Another group of people that must not be forgotten are the passengers on United Flight 93 (Attacks). The people on board this flight, which was being delayed, received word of the attacks and suddenly realized, their plane wasn’t returning to an airport. One can only imagine what it would have been like being on that plane. Those courageous people knew there was no hope for them, but instead of giving up, they resolved to do whatever they could. A man named Thomas Burnett shared his last words with his wife and told her, “I know we’re all going to die. There’s three of us who are going to do something about it. I love you, honey.” (Attacks). Many others made their final calls. In the moments to come, the passengers struggled with the hijackers for control. Due to this, the plane went out of control, and crashed into a field in Pennsylvania. There were no survivors on this flight, but another catastrophe was prevented through brave and selfless acts.

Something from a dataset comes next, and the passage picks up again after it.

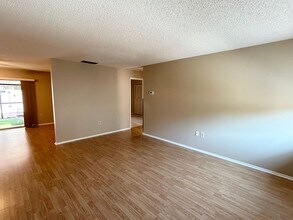 7208 55th Ave N in St. Petersburg, FL - Building Photo - Building Photo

“None of us will ever forget this day, yet we go forward to defend freedom and all that is good and just in our world.” These were President Bush’s concluding words from his address to America on 9/11 shortly after the catastrophic events (Text). I believe that what Bush said embodies how we should think of the fateful day of September 11, 2001. We must remember Americans like Michael Wright and Thomas Burnett. We must remember the pain, so that we can guard ourselves from similar future pain. We must remember the heroes, so that we can be inspired to do acts of bravery when the moment arises. America was caught off guard, but with the memories of all the lives that were lost in mind, hopefully we can prevent that from ever happening again.